Ja, die sehe ich mit großer Sorge. Führende Vertreter der Wirtschaft sagen mir: Wir könnten momentan 140.000 tüchtige Ingenieure, Techniker und so weiter einstellen, wenn wir sie hätten. Auf der anderen Seite haben wir derzeit in Deutschland über 240.000 ausländische Studenten. Von denen bleiben jährlich nur ungefähr 6.000 da. Die anderen gehen nach Großbritannien, nach Schweden, nach Norwegen oder in die USA. Bei uns werden sie hervorragend ausgebildet, wir investieren in diese jungen, tüchtigen Leute, und andere Länder profitieren von deren Können. Und warum ist das so? Weil sie anderswo bessere Bedingungen und Bezahlung vorfinden. Da passt doch etwas nicht zusammen. Deshalb meine ich, wir müssen uns schnellstens Gedanken machen, wie wir diese Leute vermehrt zum Bleiben in Deutschland veranlassen können.
Herr Hinsken, wenn ich zum Schluss noch eine persönliche Frage stellen darf: Sie sind jetzt die neunte Legislaturperiode im Bundestag. So lange gehören nur sehr Wenige dem Parlament an. Aber im Herbst soll für Sie Schluss sein. Überkommt Sie da Wehmut?

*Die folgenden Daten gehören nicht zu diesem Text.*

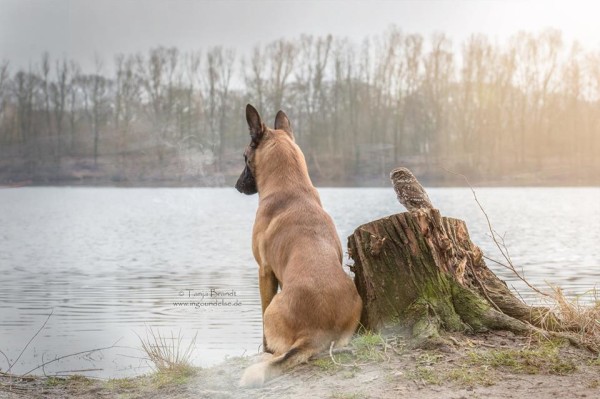 owl and german shepherd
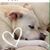 Dawn Duffy's profile image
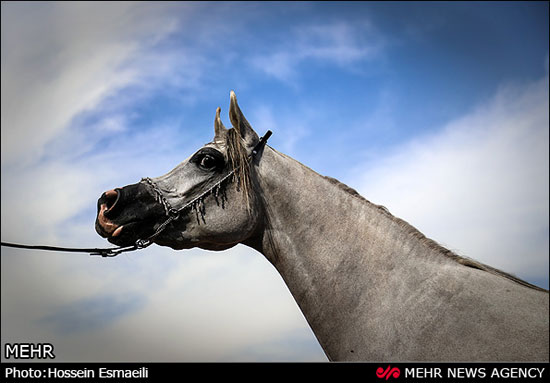 مسابقات قهرمانی زیبایی اسب اصیل عرب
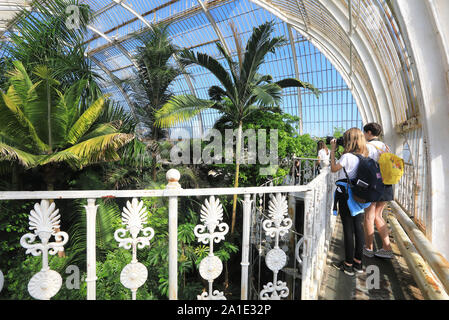 A l'étage Galerie dans la Palm House, à Kew Gardens, dans le sud ouest de Londres, Royaume-Uni Banque D'Images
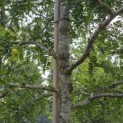Gleditsia triacanthos ‘Sunburst' - 1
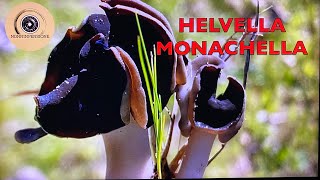 Helvella Monachella Cappelletto Nel Delta del fiume PO [upl. by Novrej]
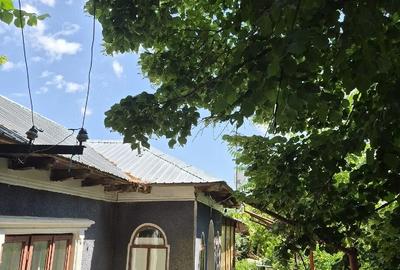 Teren de 3000 mp, în Amzacea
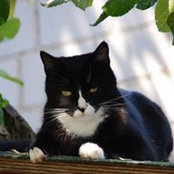 Foto von Silke Kämpfer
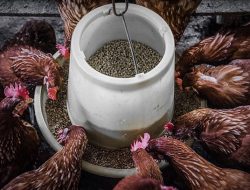 Kenali Berbagai Jenis Pakan Ayam yang Paling Bernutrisi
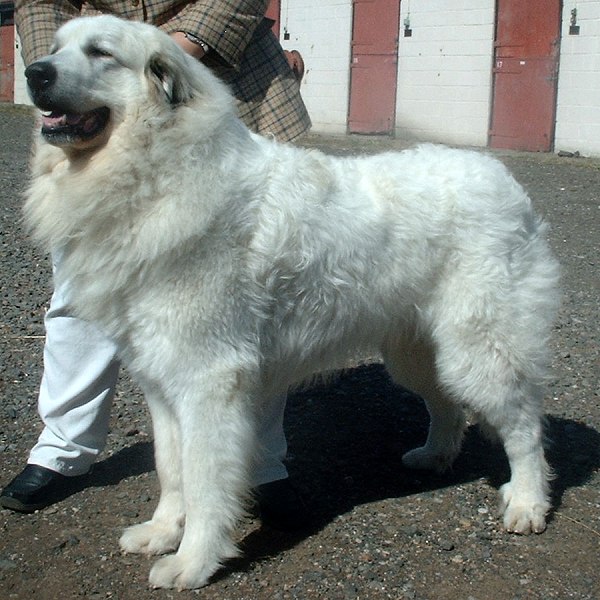 Chien de montagne des Pyrénées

Ich würde nicht die Wahrheit sagen, wenn ich behaupte, dass ich keine Wehmut spüre. Wobei ich von niemandem gedrängt wurde, aufzuhören. Außerdem hätte ich aus den eigenen Reihen keinen Gegenkandidaten gehabt. Ja, ich wurde von einem CSU-Kreisverband meines Wahlkreises sogar aufgefordert, unter allen Umständen noch einmal zu kandidieren. Doch wenn man 33 Jahre dem Deutschen Bundestag angehört, den 70. Geburtstag in Kürze erwarten kann und sieht, dass dynamische, tüchtige junge Leute schon darauf warten, einmal die Nachfolge anzutreten, dann soll man nicht im Wege stehen, sondern der Jugend eine Chance geben. Genauso wie ich das selbst als 37-Jähriger eingefordert habe, als ich als Bundestagsabgeordneter 1980 in die große Politik eingestiegen bin.